* [ABOUT THIS TASK] Your copy of the lines below must match them exactly and contain no images.

---------- COLLECTED MATERIAL ----------

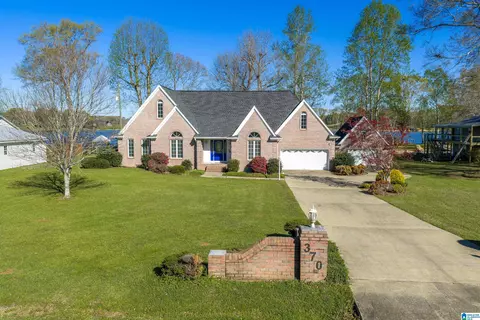 370 Jake Dr, Sylacauga, AL 35151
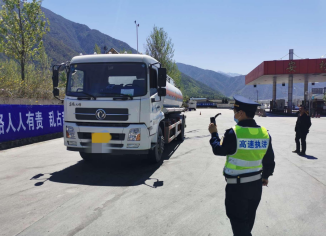 手持执法终端助力执法人员打造以智能为基础的执法队伍！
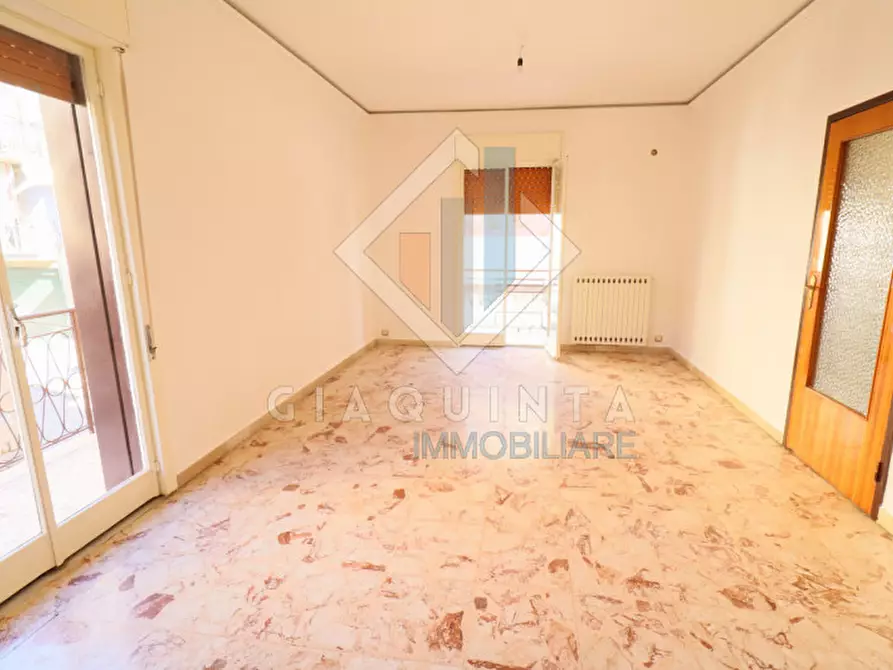 Immagine 2 di Appartamento in vendita  in via degli orti n.79 a Palagonia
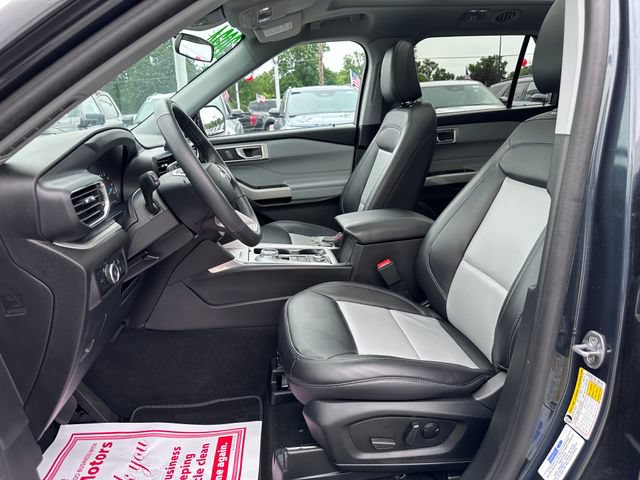 Certified 2024 Ford Explorer XLT w/ Equipment Group 202A AWD/4WD image 12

----------

* [WRITTEN REPLY]
 370 Jake Dr, Sylacauga, AL 35151
 手持执法终端助力执法人员打造以智能为基础的执法队伍！
 Immagine 2 di Appartamento in vendita  in via degli orti n.79 a Palagonia
 Certified 2024 Ford Explorer XLT w/ Equipment Group 202A AWD/4WD image 12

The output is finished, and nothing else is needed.